C’est loin d’être une pêche miraculeuse ! Avec leurs filets à crabes, les scientifiques du Musée d'histoire naturelle de Londres ont sondé la Tamise et remonté des milliers de déchets en plastique : emballages de nourriture, paquets de clopes, flacons de produits ménagers…Ceux qui n’ont pas été récupérés se déversent dans la mer du Nord, menaçant cet écosystème déjà fragilisé.

Sam Blank 14/2/2010


Les résultats de cette campagne de sondage de la Tamise ont été publiés dans le Marine Pollution Bulletin et sont commentés par Dave Morritt, maître de conférences en biologie marine au Royal Holloway qui estime que les déchets récoltés ne sont qu’un petit aperçu du volume de plastique qui s’écoule au fond de la rivière.

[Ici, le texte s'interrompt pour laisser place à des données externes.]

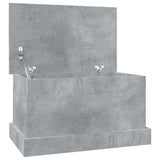 Vidaxl opbergbox 50x30x28 cm bewerkt hout betongrijs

Les sacs plastiques et les plus gros morceaux étant peu susceptibles de se coincer dans les petits filets destinés aux crabes. « Les impacts potentiels que ces milliers de déchets pourraient avoir sur la faune sont considérables. Les espèces qui vivent dans la rivière sont forcément touchées mais celles de la mer du Nord doivent également en pâtir » prévient-il.

Austin W 11/2/2013


Le plastique peut avoir un impact néfaste sur la vie sous-marine. De gros morceaux peuvent piéger les animaux mais les petites pièces peuvent être avalées par inadvertance. Ce flux de déchet change de profondeur en fonction des marées et ce mouvement facilite la décomposition des morceaux de plastique en fragments qui sont ingérés par les plus petits animaux qui sont à leur tour mangés par les poissons et les oiseaux plus grands . Une fois digéré, le plastique peut libérer des substances chimiques toxiques qui passent ensuite à travers la chaîne alimentaire. « Ces produits chimiques toxiques, à fortes dose, pourraient nuire à la santé de la faune et à celle de l’homme » avertissent les scientifiques.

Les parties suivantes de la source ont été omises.